Tra le sue mani passano strumenti carichi di storia, pezzi di metallo intrisi di ricordi, ingranaggi che custodiscono i segreti di generazioni di scrittori. Nel cuore di Providence, invece, lo studio legale Tomasso & Tomasso è un esempio lampante di come la macchina per scrivere non sia solo un pezzo da museo. "Non passa giorno che non le usiamo", racconta John Tomasso. Per lui e suo fratello Ray, la macchina per scrivere è ancora il modo migliore per compilare moduli legali e assegni, garantendo chiarezza e sicurezza. "È difficile hackerare una macchina per scrivere", aggiunge con un sorriso.

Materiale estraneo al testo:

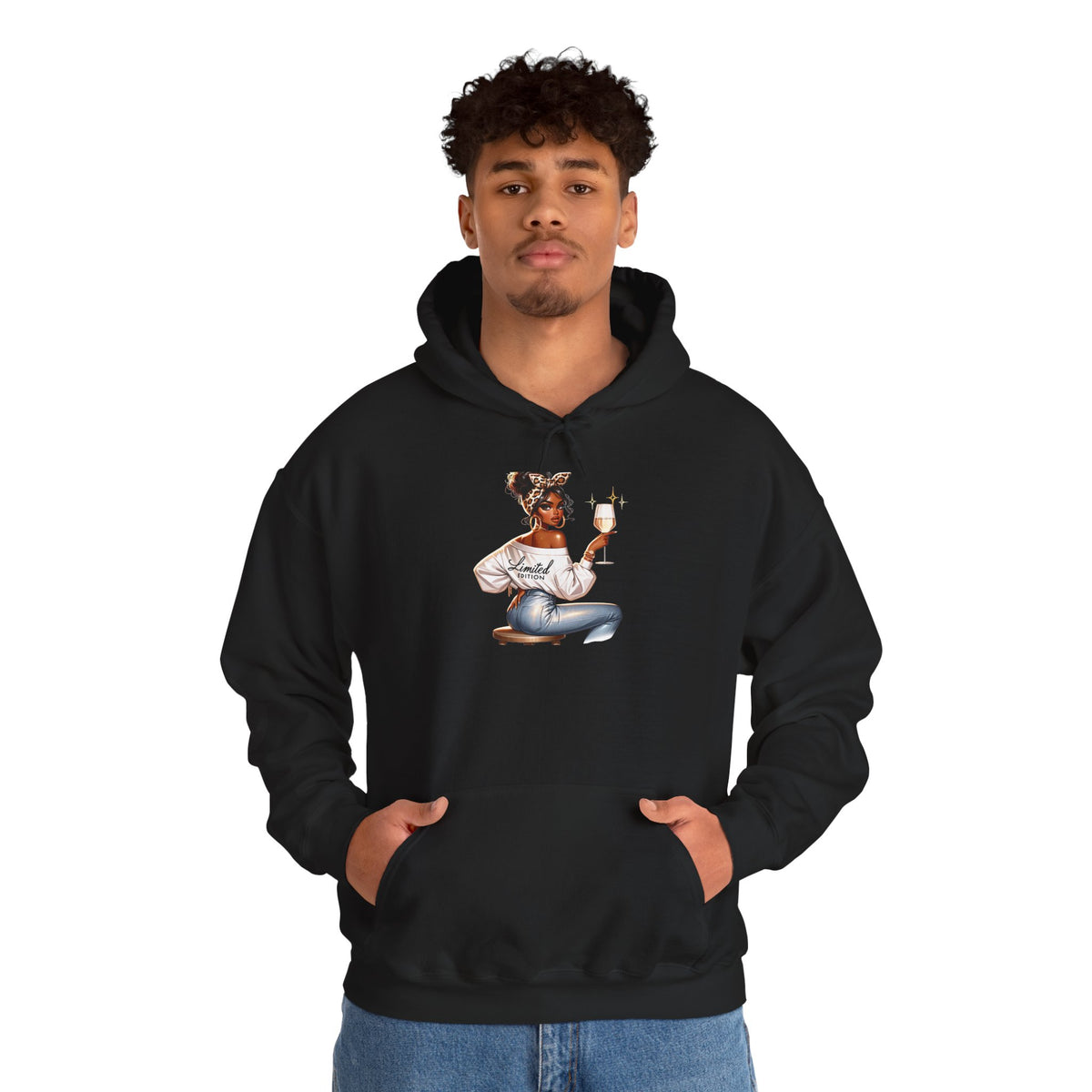 Cozy Chick Hoodie — Fashionable Woman Relaxing with Coffee Graphic Hooded Sweatshirt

Anche a Milwaukee, Woody Jarvis, titolare di un'agenzia immobiliare, si affida alla sua macchina per scrivere per modificare documenti senza dover ristampare intere pagine. "Per me funziona, so come farla funzionare", spiega.
E non è solo per nostalgia. Nel 2013, in seguito alle rivelazioni sui programmi di sorveglianza dell'NSA, il Servizio di Guardia Federale Russo tornò ad affidarsi a questi strumenti per evitare intercettazioni. Anche in Germania, alcuni uffici governativi valutarono un ritorno alle macchine per scrivere per questioni di sicurezza. Le agenzie funebri americane, invece, continuano a utilizzarle per la loro affidabilità.
"Vendiamo ancora quattro o cinque macchine IBM ogni settimana", afferma Jim Riegert, titolare di Typewriters.com. Una prigione ha persino acquistato dodici macchine per scrivere per la biblioteca, dato che i detenuti non possono usare computer connessi a internet. Nonostante l'era digitale, la produzione di macchine per scrivere non si è mai, dunque, fermata del tutto. La Royal, storica azienda americana, continua a produrne migliaia ogni anno.
"Ovviamente non c'è molta crescita, ma il mercato è sostenibile", afferma il presidente Todd Althoff.
Lisa Floading, artista e insegnante, possiede sessantadue macchine per scrivere. "C'è qualcosa di invitante in una macchina per scrivere con la carta già inserita", dice. Ha persino partecipato al Qwertyfest di Milwaukee, un festival dedicato a celebrare la storia di questi strumenti e del celebre layout QWERTY.
La scrittrice Anjali Banerjee ha trovato nelle macchine per scrivere una nuova fonte di ispirazione.
"Le prime bozze emergono in modo più fluido", confessa alla BBC. "Devo continuare ad andare avanti. La storia si muove più velocemente". Dopo aver acquistato la sua prima macchina nel 2019, la sua collezione ha raggiunto le centoventi unità. E così, in un mondo dominato dalla velocità e dall'effimero, il ritorno alla lentezza consapevole della scrittura appare quanto mai raro e prezioso. Un’esperienza tangibile e unica per chi ancora ne apprezza la magia immortale, come le storie che racconta.